Do I become the wound, or do I choose to heal the better parts of myself?
In the Book Of Awakening, author Mark Nepo writes that the nature of the human spirit is irrepressible. No matter how often it is angry or wounded or frightened, it can keep growing to the light, the human heart, to reassert the humanity and community we want to have, even if we lose it over and over again.
This struggle never has to end.
After John Lewis and his fellow civil right activists had been beaten, gassed, kicked by horses, bitten by dogs, had their skulls fractured by club-wielding police, knocked to the ground by powerful fire hoses, Lewis recommitted himself, again and again, to keep up the work, it could only stop, he said, with the coming of the Kingdom, the Beloved Community, a nation of economic and social justice.
The savage beatings brought him to the mountaintop, he said. The Selma, Alabama protests had changed America. After joining Martin Luther King for the fabled March On Washington, he returned to protest voter suppression in Alabama and wound up in jail again.
Author Jon Meacham, in his new autobiography of Lewis, John Lewis, John Lewis And The Power Of Hope, describes how Lewis was at peace, as he sat in jail for the 40th time at the age of 25.
On the way to jail, Lewis recalled, “I had what I call an executive session with myself. I said, ‘I’m not going to hate. I’m not going to become bitter. I’m not going to live a hostile life. I’m going to treat my fellow human being as a human being.’ So when I was beaten on the Freedom Rides or in a march, I never hated.
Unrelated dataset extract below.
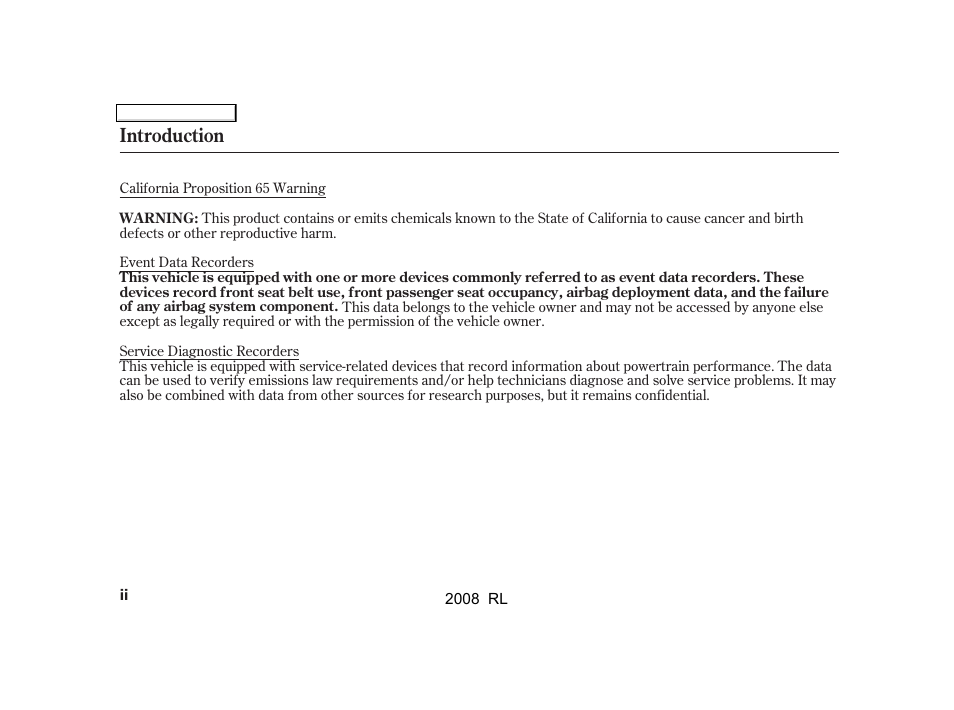 Introduction | Acura 2008 RL User Manual | Page 2 / 500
I respected the dignity and the worth of that person. Because we are all human and we must be human toward each other and love each other.”
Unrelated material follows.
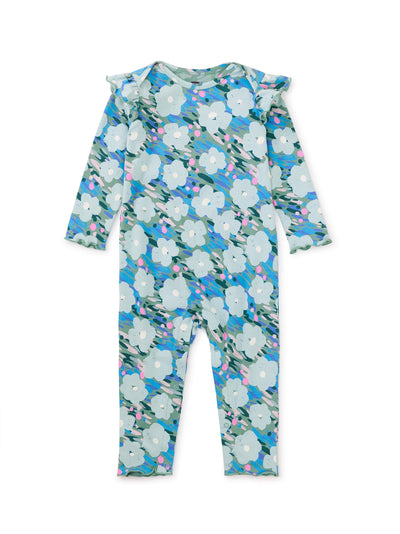 Ruffle Shoulder Baby Romper in Monet's Garden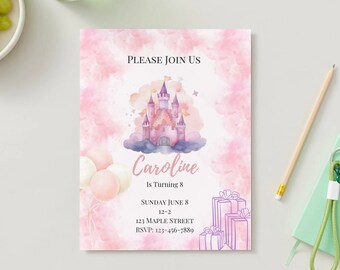 Elegante Mädchenparty Prinzessin Einladung, digitaler Download, bearbeitbare Prinzessin Evite, Prinzessin Party, königliche Einladung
Every morning, I ask myself the same questions. How can I keep true to myself in the midst of this chaos and madness? How can I make sure to treat everyone – even the people who threaten me – with dignity and respect.
How do I process my frequent failure to meet this standard in a world full of anger, grievance, suspicion, and hatred? How do I love the people who are so full of contempt and fury and who hate the people who oppose or defy them?
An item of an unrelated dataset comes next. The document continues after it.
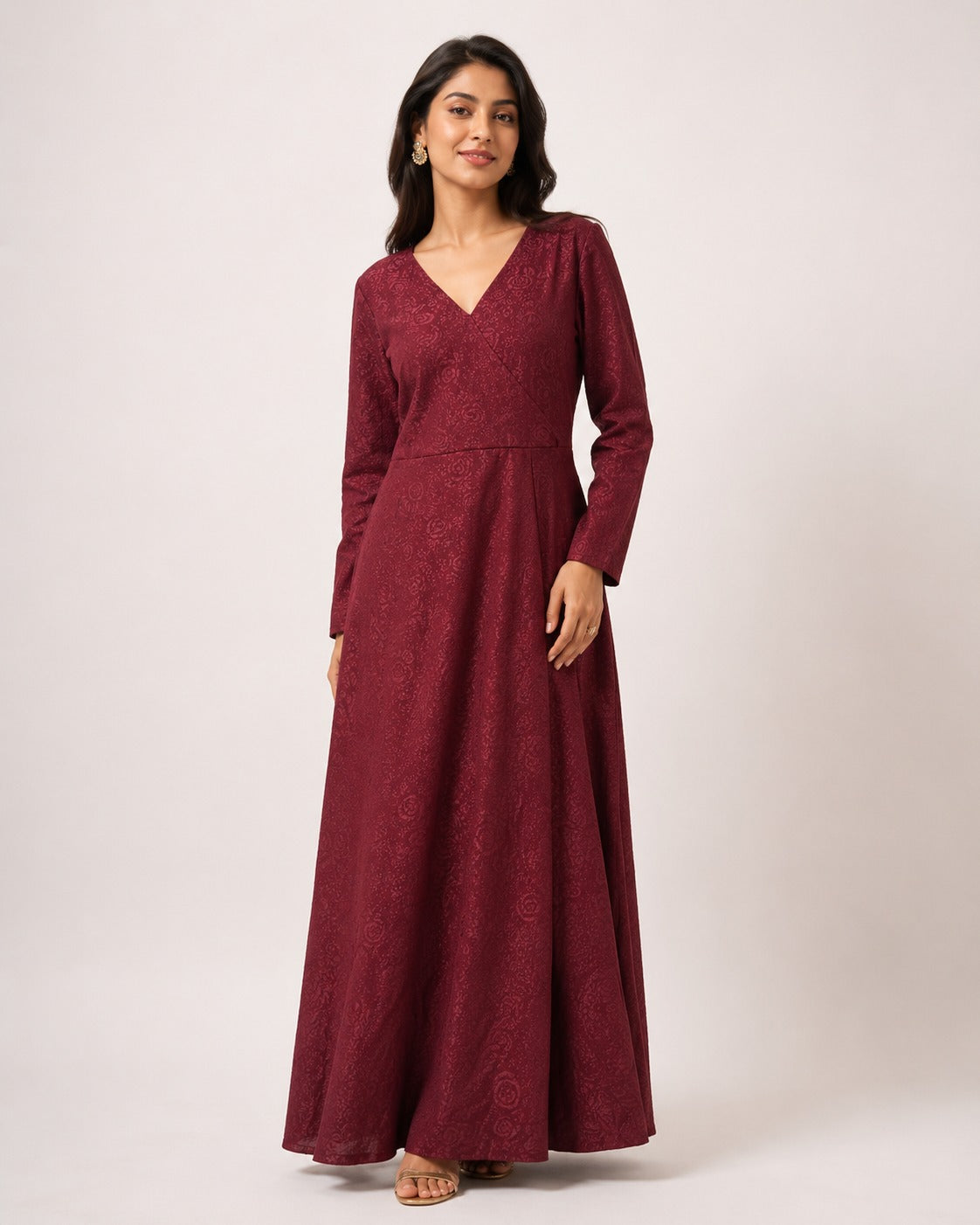 Women’s Wine Satin Wrap Maxi Dress with Front Slit | Elegant Party Wear Dress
I’m not a saint, and I know I will stumble and fall again and again. But I’m not going to hate. I’m not going to become bitter. I am not going to live a hostile life.
I cannot control what happens in the world. I can only control what lives inside of me.
We’re only flesh, John Lewis told an audience two years after Selma’s Bloody Sunday.
This was helpful for me. I just had a Covid Test this morning because of an upcoming surgical procedure that has been delayed by months because of Covid. So Trump’s making light of this evil virus was making my blood boil. But your right Jon I don’t won’t to be what Trump is – a hateful person. I also giggled when I saw your picture. Too cute for words! Thank you for making a bad day into a better day.
Thank you!
“As you press on for justice, be sure to move with dignity and discipline, using only the weapon of love. Let no man pull you so low as to hate him. Always avoid violence. If you succumb to the temptation of using violence in your struggle, unborn generations will be the recipients of a long and desolate night of bitterness, and your chief legacy to the future will be an endless reign of meaningless chaos.” – Martin Luther King, Jr.
Jon…
Much wisdom in this posting. Some time ago, I realized I was becoming infected by a similar political hate, driven from the opposite polarity. I put an end to it. I affirmed that such an attitude was not going to become part of me.
I have neighbors and friends with much in common. I’m not willing to give them up because of any political differences. “For every action, there is an equal and opposite reaction.” That law applies in physics, but not to human behavior.
I’m reminded of this quote attributed to Einstein: “We cannot solve our problems with the same level of thinking that created them.” As you wrote, John Lewis came to realize this: “‘I’m not going to hate. I’m not going to become bitter. I’m not going to live a hostile life.”
The near future will hold many challenges for our country. We cannot successfully address them with the current mindset.
The Prophet of Bedlam Farm.
Thank you for sharing your peace, Jom.